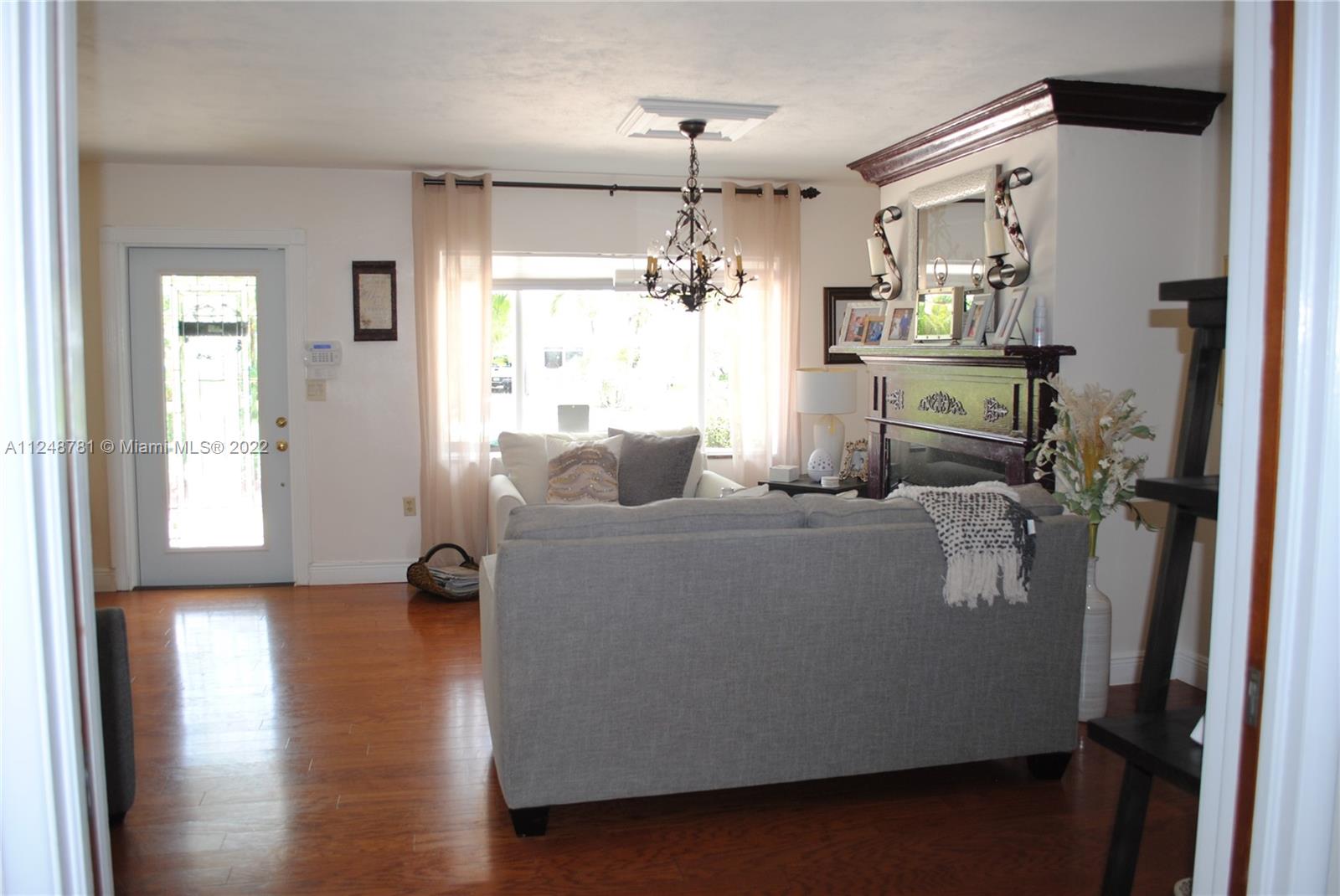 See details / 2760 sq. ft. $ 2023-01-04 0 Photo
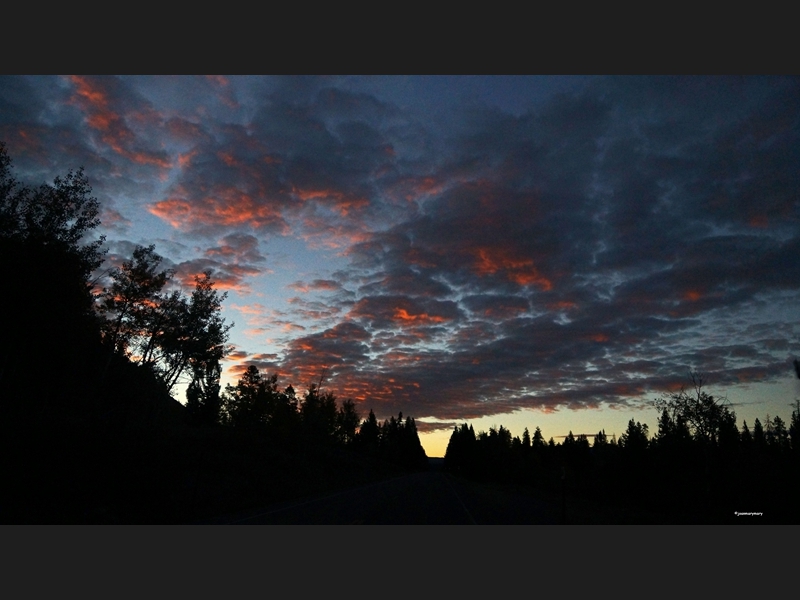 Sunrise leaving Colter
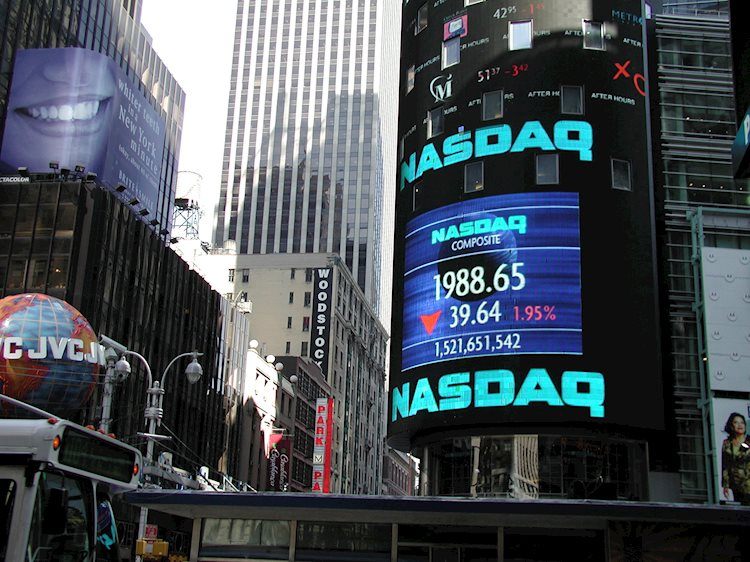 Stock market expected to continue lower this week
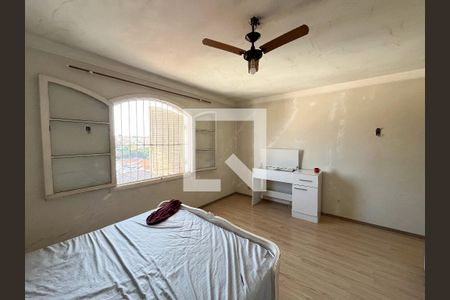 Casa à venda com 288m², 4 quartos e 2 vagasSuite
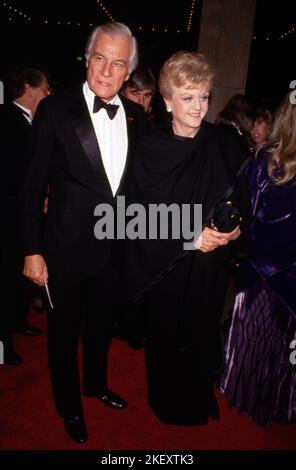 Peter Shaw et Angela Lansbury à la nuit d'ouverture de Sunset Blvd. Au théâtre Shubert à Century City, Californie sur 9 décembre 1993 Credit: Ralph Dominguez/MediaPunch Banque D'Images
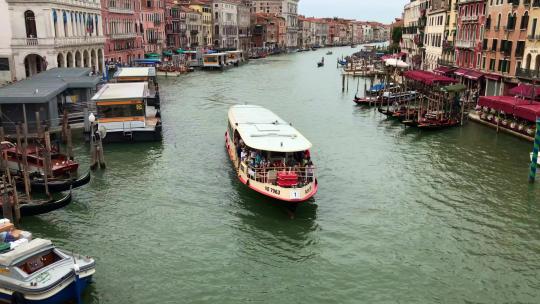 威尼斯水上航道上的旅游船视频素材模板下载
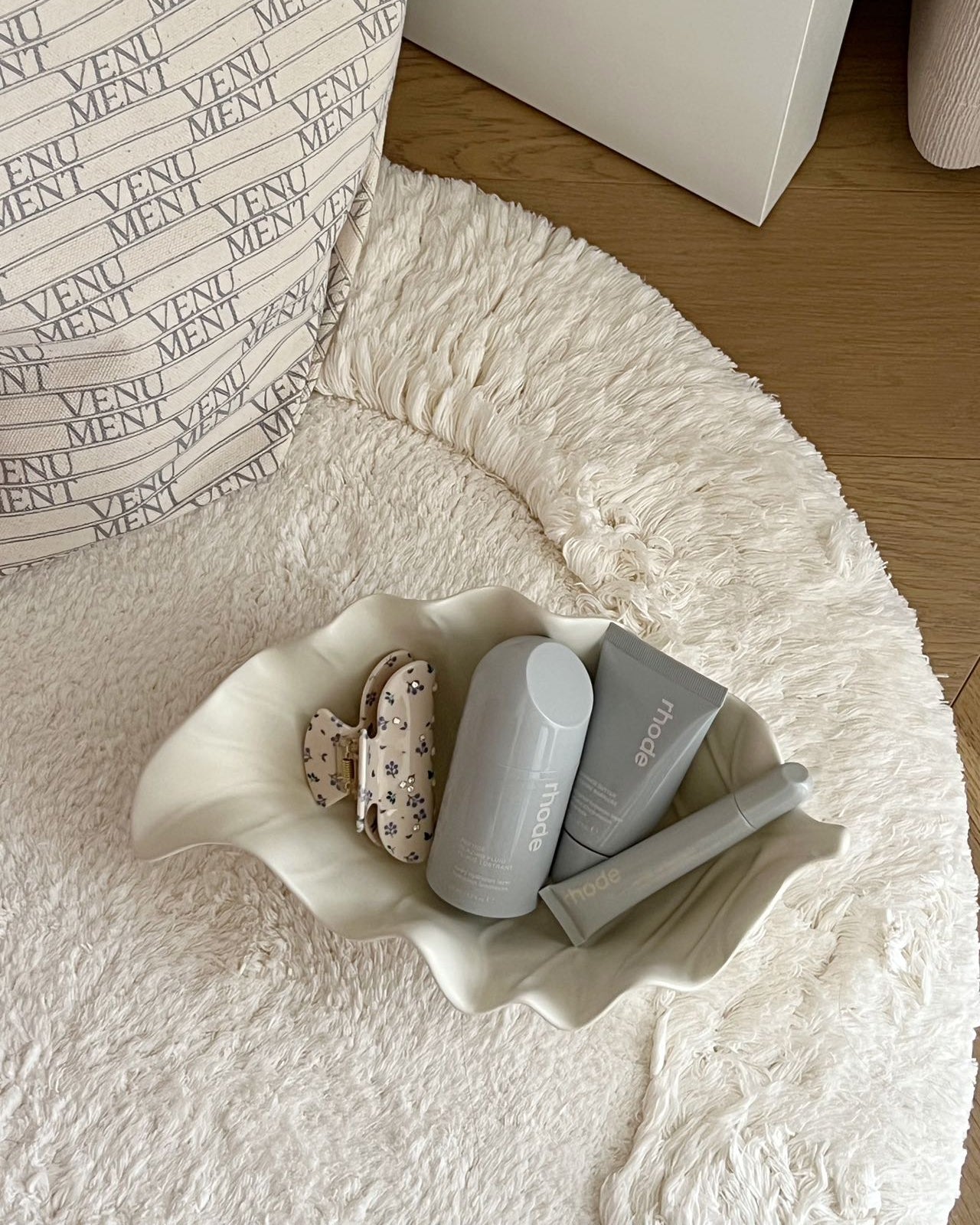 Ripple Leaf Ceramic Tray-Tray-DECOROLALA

▸ Exercise:
The material above is to be transcribed exactly, with its images omitted.

▸ Completed exercise:
 See details / 2760 sq. ft. $ 2023-01-04 0 Photo
 Sunrise leaving Colter
 Stock market expected to continue lower this week
 Casa à venda com 288m², 4 quartos e 2 vagasSuite
 Peter Shaw et Angela Lansbury à la nuit d'ouverture de Sunset Blvd. Au théâtre Shubert à Century City, Californie sur 9 décembre 1993 Credit: Ralph Dominguez/MediaPunch Banque D'Images
 威尼斯水上航道上的旅游船视频素材模板下载
 Ripple Leaf Ceramic Tray-Tray-DECOROLALA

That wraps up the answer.